◆ **DATASET EXCERPTS**
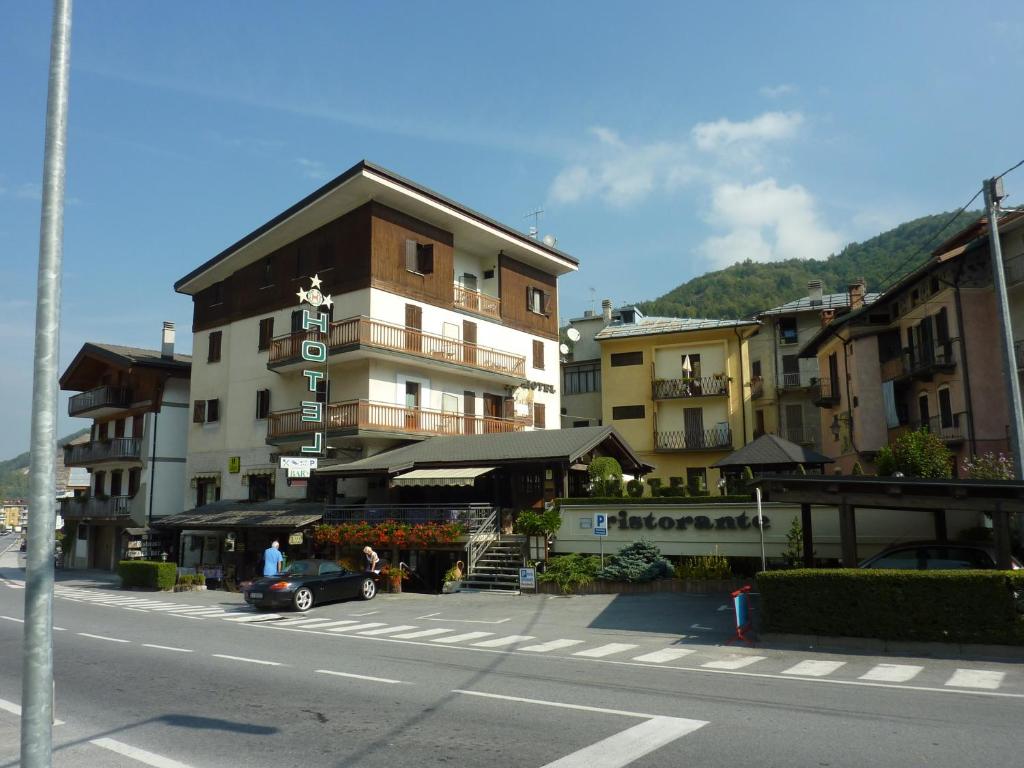 a building with a car parked next to a street at Albergo Nazionale in Vernante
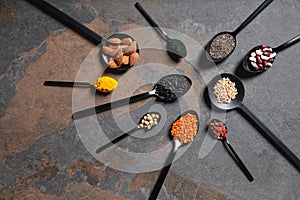 Flat lay of spoons with superfoods, legumes and grains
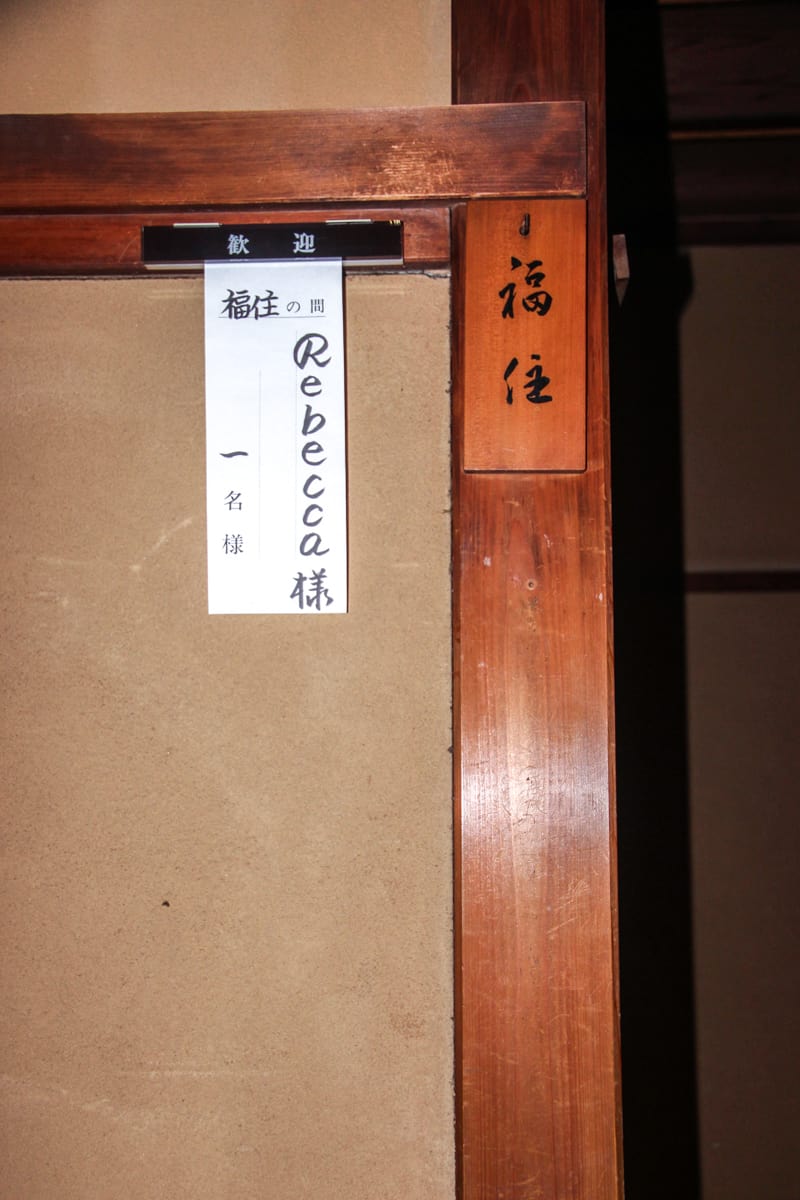 A wooden door with a white paper sign in the corner which has Japanese characters and the name 'Rebecca' written in black pen.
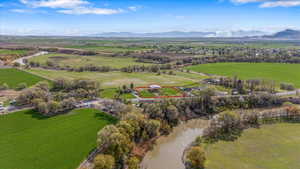 Bird's eye view with a rural view and a water and mountain view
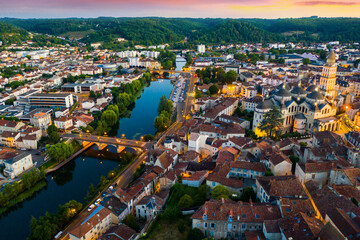 Flight over the evening city of Perigueux at sunset. France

◆ **WORK TO COMPLETE**
If a record contains a picture, leave the picture out and return everything else exactly.

◆ **ANSWER SPACE**
 a building with a car parked next to a street at Albergo Nazionale in Vernante
 Flat lay of spoons with superfoods, legumes and grains
 A wooden door with a white paper sign in the corner which has Japanese characters and the name 'Rebecca' written in black pen.
 Bird's eye view with a rural view and a water and mountain view
 Flight over the evening city of Perigueux at sunset. France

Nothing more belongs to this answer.